Per motivi di riservatezza tralascio altre credenze/insegnamenti sui quali io la certezza non l’avevo più.

Non pretendo in alcun modo di possedere la verità assoluta sulle cose che scrivo. Non mi ritrovo la vocazione del rivoluzionario. Proprio per questo un giorno, dopo tanti indugi, ho pensato che fosse più coerente da parte mia levare gli ormeggi, e lasciare il pulpito ad altri che hanno solo certezze. Era l’anno 1975 ed ero missionario in Congo. E l’ho fatto con molto riserbo. Che mi accompagna tuttora. Non è stato facile levare gli ormeggi. Tanti sacerdoti l’hanno fatto come me, e per gli stessi motivi. L’emorragia continua senza sosta. E dovrebbe preoccupare ogni cristiano. Tacere e mettere la testa sotto la sabbia non aiuta. Nelle chiese non se ne parla.

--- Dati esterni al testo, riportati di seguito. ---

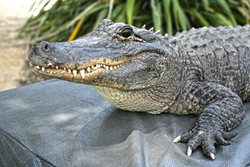 LATER, GATOR!:  Spike is a 6-foot-long, 90-pound American alligator that allegedly used to guard an illegal drug stash. - PHOTO BY GLEN STARKEY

Non siamo più nel ‘500. I seminari sono chiusi. I preti sono diventati merce rara e la tendenza, statistiche alla mano, non si invertirà. Contate le canoniche vuote di Val Taro e Val Ceno. Cinquant’anni fa ogni campanile, un prete. Come escamotage stiamo spogliando dei loro sacerdoti le chiese extra-europee, soprattutto africane e asiatiche, perpetuando in qualche modo quella brutta esperienza che fu la colonizzazione. Abbiamo il dovere di preparare il futuro della Chiesa, alla quale continuo risolutamente ad appartenere, senza ingiustificate paure. Il tempo comincia a mancarci sotto ai piedi. Forse un prete sposato non è poi il prete di serie B che si vuol far credere. Gli apostoli, i primi preti sposati, erano tutti di serie B? E Pietro il primo Papa, era di serie B?